» **WORK REQUIRED**: Lines holding the word "Women" are the ones to copy from the data below.

» **MATERIAL SHOWN**:
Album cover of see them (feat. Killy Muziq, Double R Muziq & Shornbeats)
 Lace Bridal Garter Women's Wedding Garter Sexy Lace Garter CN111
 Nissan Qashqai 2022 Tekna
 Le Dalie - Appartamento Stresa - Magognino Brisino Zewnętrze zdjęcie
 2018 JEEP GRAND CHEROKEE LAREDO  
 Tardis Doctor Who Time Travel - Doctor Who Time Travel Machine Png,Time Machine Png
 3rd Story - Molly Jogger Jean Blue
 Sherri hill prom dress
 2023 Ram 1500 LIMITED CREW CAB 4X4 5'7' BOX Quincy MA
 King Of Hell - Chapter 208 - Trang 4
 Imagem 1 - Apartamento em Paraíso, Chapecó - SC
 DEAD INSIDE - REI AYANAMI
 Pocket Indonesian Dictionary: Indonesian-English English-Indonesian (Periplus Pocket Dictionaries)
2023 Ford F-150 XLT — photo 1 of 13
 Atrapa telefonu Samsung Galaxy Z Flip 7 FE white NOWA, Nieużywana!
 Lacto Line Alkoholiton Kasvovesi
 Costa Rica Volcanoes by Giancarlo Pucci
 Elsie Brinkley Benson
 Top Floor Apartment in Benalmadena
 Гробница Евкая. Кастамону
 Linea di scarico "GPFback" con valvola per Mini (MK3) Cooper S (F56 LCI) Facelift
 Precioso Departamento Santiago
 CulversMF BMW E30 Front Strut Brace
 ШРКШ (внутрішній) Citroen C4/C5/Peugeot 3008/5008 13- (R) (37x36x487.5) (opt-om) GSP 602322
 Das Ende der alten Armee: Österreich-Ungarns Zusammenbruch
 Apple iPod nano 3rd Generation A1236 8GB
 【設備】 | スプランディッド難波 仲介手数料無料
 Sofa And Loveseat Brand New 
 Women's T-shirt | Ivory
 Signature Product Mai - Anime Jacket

» **RESPONSE**:
 Lace Bridal Garter Women's Wedding Garter Sexy Lace Garter CN111
 Women's T-shirt | Ivory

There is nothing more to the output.